Michael Hill-Weld: NID in financial straits
In a recent Other Voices column, NID General Manager Remleh Scherzinger presented a financial picture that does not match reality or his statements to the NID board.
In addition, he misrepresented the openness of the NID 2020 budget process and the public’s role in it. We seek to correct the record.
Regarding the 2020 budget, Mr. Scherzinger said the budget was balanced by subsidizing the cost of delivery of water 30% using hydroelectric sales revenues or $13.4 million. In his column, he referred to this as “cannibalizing hydroelectric revenues.” The budget, also, relies on continuing to gut the district’s reserve funds. These are one-time funds that are not replenished by water rates, hydro sales or property taxes.
The erosion of the reserve funds over the last few years is one reason NID’s bond rating has gone from AAA in 2017 to AA currently.
The general manager boasts about the transparency of the NID budget development process.

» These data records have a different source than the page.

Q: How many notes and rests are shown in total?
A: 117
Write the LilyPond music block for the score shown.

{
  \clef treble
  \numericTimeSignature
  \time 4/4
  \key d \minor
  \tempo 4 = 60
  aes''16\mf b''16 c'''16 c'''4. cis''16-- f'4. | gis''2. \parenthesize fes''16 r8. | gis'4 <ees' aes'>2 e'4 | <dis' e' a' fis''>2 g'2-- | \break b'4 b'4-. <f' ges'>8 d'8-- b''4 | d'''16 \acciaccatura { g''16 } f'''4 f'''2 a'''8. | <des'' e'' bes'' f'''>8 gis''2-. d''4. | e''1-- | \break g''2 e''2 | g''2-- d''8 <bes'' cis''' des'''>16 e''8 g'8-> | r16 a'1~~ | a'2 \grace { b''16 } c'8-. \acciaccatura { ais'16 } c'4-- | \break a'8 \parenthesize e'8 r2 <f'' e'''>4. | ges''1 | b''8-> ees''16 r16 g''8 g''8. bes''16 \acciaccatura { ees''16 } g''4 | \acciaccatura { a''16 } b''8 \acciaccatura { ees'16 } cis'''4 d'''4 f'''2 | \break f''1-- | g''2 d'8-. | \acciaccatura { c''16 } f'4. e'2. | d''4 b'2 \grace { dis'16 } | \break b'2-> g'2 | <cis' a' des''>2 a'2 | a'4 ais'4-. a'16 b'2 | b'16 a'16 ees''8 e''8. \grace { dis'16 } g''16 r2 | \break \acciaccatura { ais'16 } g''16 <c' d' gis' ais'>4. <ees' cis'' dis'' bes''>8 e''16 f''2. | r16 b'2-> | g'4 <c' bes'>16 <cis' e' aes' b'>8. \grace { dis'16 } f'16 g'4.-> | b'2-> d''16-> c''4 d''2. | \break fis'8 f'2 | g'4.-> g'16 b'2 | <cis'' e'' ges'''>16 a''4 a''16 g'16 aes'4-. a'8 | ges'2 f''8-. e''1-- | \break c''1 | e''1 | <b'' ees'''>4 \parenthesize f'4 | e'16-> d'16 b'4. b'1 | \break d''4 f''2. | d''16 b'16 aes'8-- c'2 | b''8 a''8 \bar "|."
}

However, the reality is not what he portrayed. The budget was review at public committee meetings where good discussions took place. However, before the board could act on the budget, the general manager announced that it was out of balance by $9 million with expenditures far exceeding revenues. Rather than re-refer the budget back to the committees, he brought the revised budget to the board for consideration with just a few days for the board members and public to review it.

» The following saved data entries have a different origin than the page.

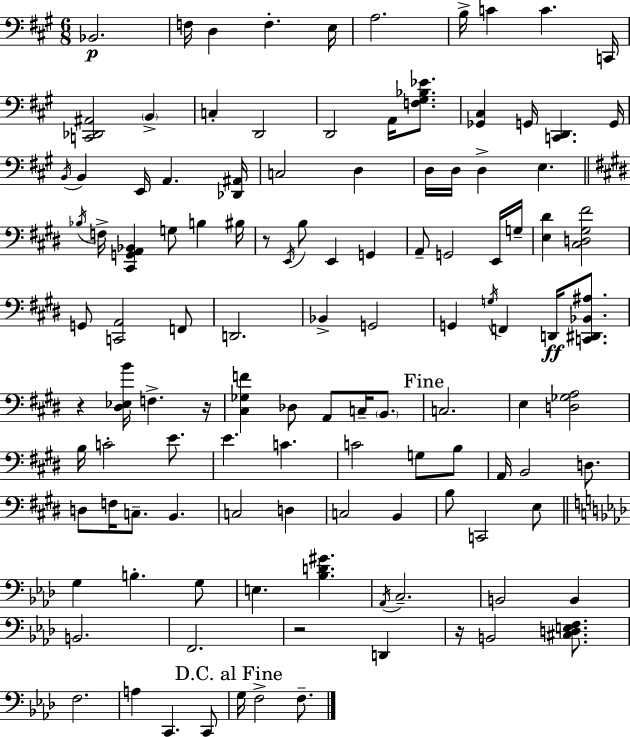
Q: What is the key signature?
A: A major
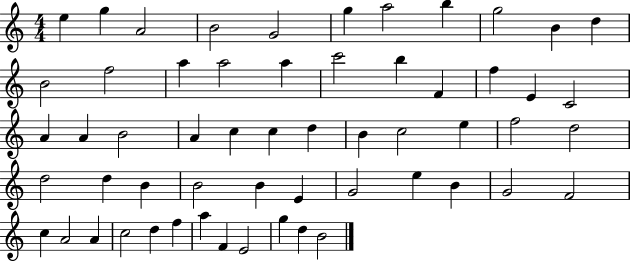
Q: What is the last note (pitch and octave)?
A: B4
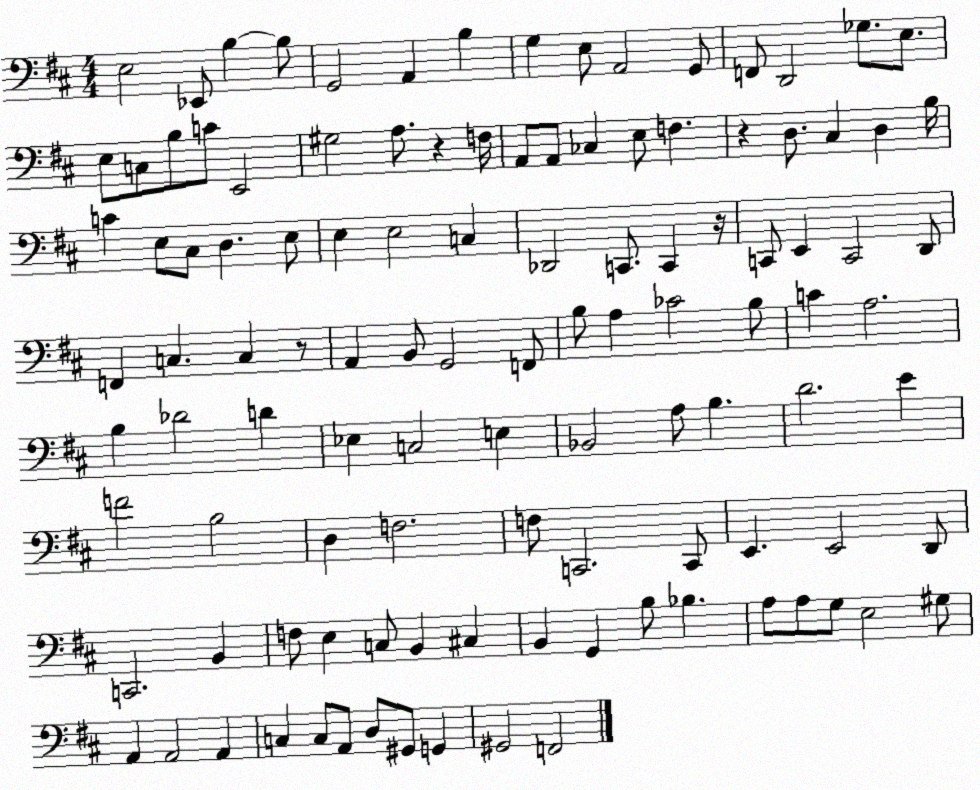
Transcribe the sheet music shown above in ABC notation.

X:1
T:Untitled
M:4/4
L:1/4
K:D
E,2 _E,,/2 B, B,/2 G,,2 A,, B, G, E,/2 A,,2 G,,/2 F,,/2 D,,2 _G,/2 E,/2 E,/2 C,/2 B,/2 C/2 E,,2 ^G,2 A,/2 z F,/4 A,,/2 A,,/2 _C, E,/2 F, z D,/2 ^C, D, B,/4 C E,/2 ^C,/2 D, E,/2 E, E,2 C, _D,,2 C,,/2 C,, z/4 C,,/2 E,, C,,2 D,,/2 F,, C, C, z/2 A,, B,,/2 G,,2 F,,/2 B,/2 A, _C2 B,/2 C A,2 B, _D2 D _E, C,2 E, _B,,2 A,/2 B, D2 E F2 B,2 D, F,2 F,/2 C,,2 C,,/2 E,, E,,2 D,,/2 C,,2 B,, F,/2 E, C,/2 B,, ^C, B,, G,, B,/2 _B, A,/2 A,/2 G,/2 E,2 ^G,/2 A,, A,,2 A,, C, C,/2 A,,/2 D,/2 ^G,,/2 G,, ^G,,2 F,,2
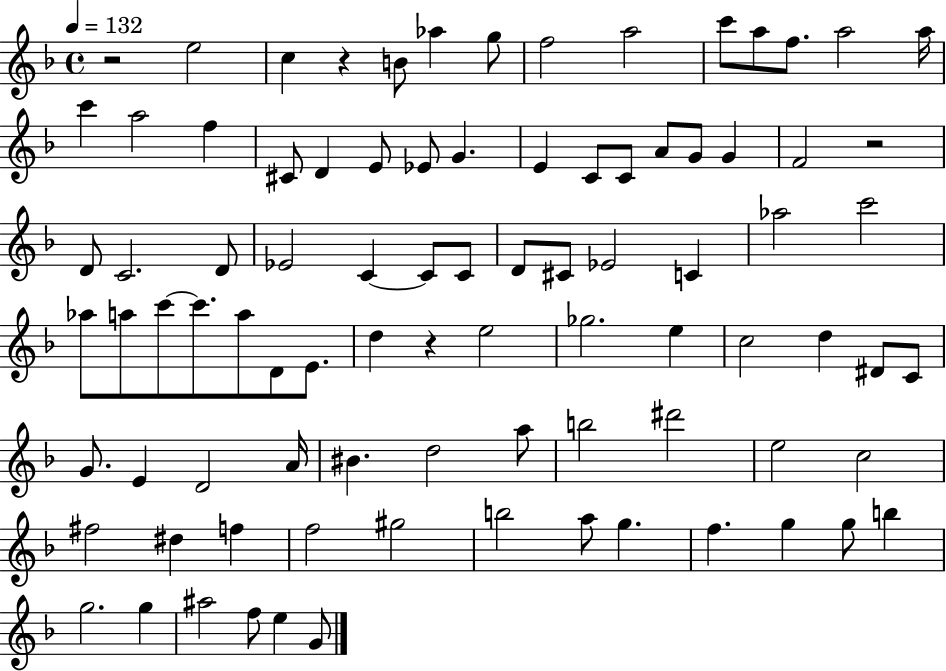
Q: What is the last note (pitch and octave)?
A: G4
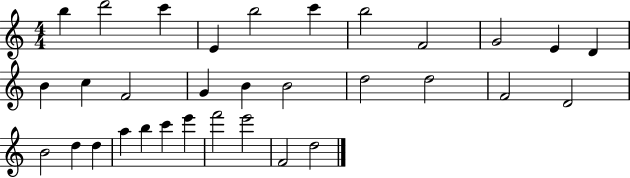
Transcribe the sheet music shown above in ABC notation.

X:1
T:Untitled
M:4/4
L:1/4
K:C
b d'2 c' E b2 c' b2 F2 G2 E D B c F2 G B B2 d2 d2 F2 D2 B2 d d a b c' e' f'2 e'2 F2 d2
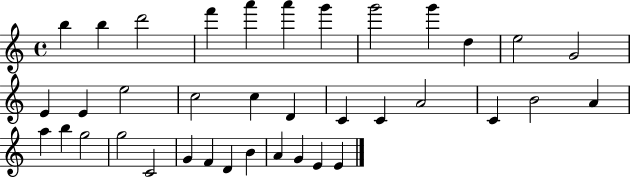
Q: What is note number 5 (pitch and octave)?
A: A6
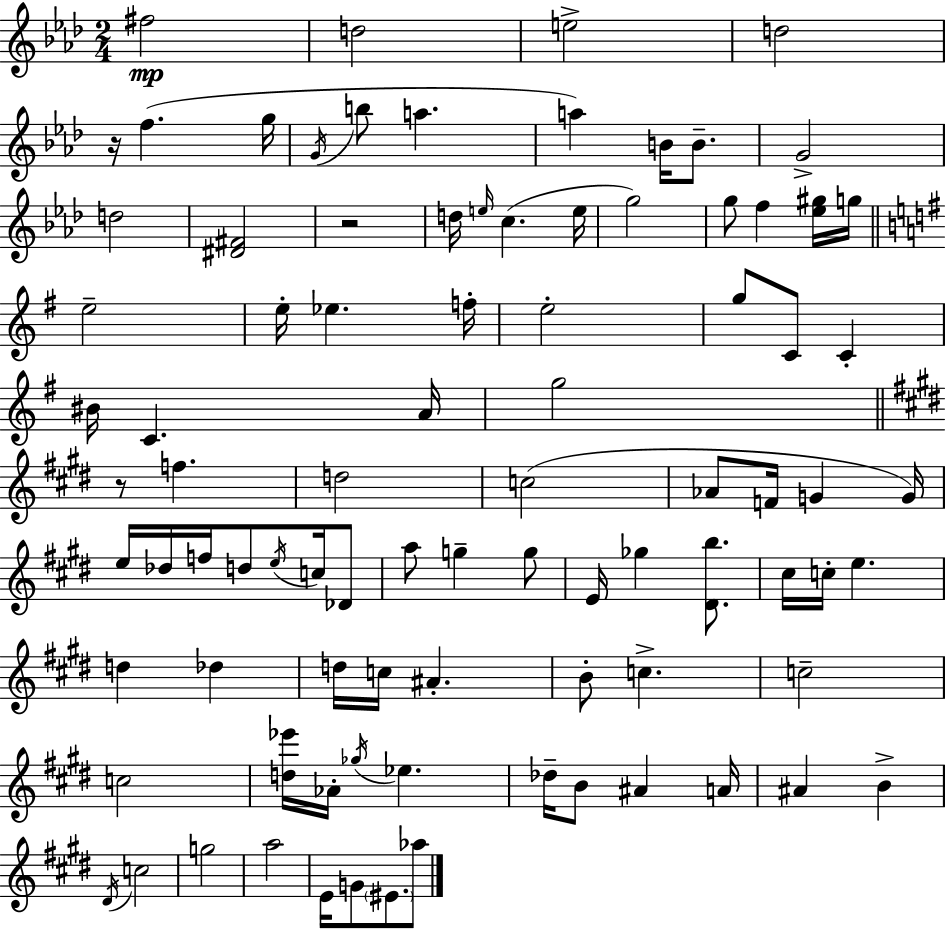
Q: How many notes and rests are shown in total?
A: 89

When Director Laura Peters asked that final action be postponed in order to allow more time for review, she was shut down due to the “urgency” of adoption. Adequate review time is a critical component of transparency.
Mr. Scherzinger accuses members of the public of “attacking the District.” This simply is not true. Members of the public use the public comment portion of board meetings to provide valuable information and insights to the board and to ask questions concerning the core services of the district. They are informed and constructive. Their behavior is appropriate and in strict conformance with NID’s own policies concerning public participation. (If you have any doubt, go to the NID website to view recording of past meetings.)

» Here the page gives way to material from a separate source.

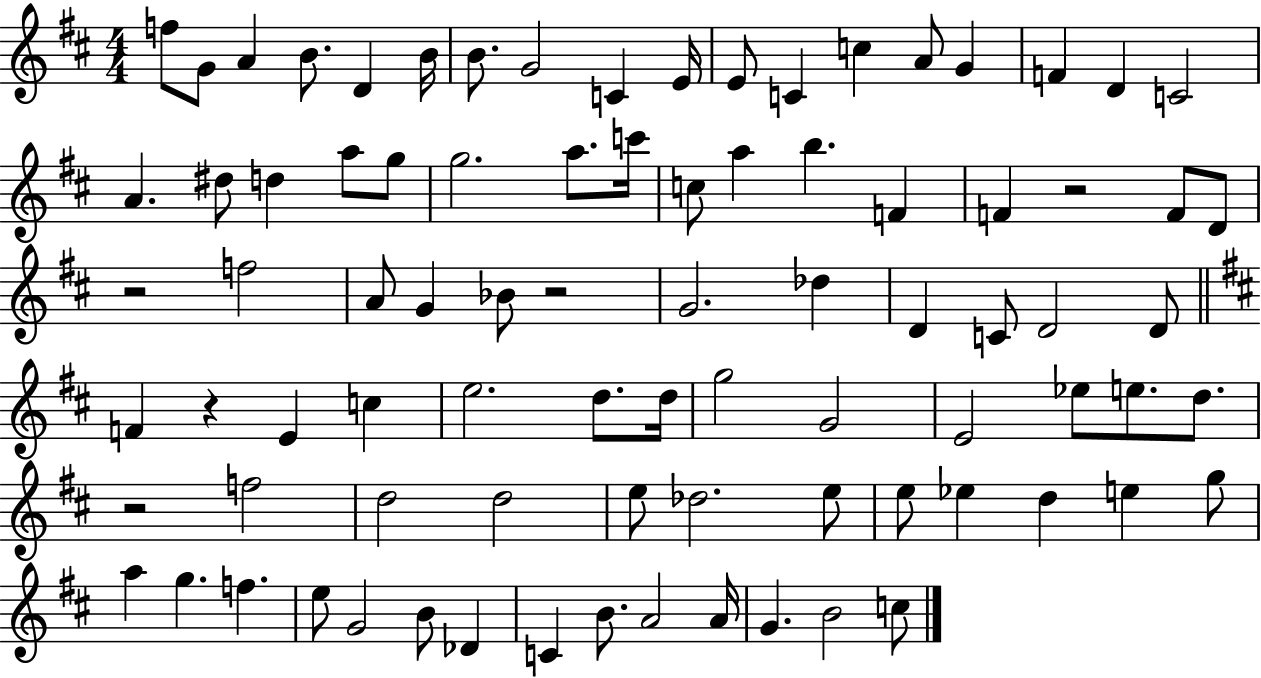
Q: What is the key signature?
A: D major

We, too, desire a constructive dialog and will continue to provide thoughtful input and to ask challenging questions important to the future of NID and all of its customers.
We encourage residents of the district to see for themselves how the district is managed and what financial straits the district is in by attending the bi-monthly board meetings and monthly committee meetings. In addition, we urge you to contact your NID director and share your thoughts on water rates and other issues that directly impact you.
Michael Hill-Weld lives in Nevada City.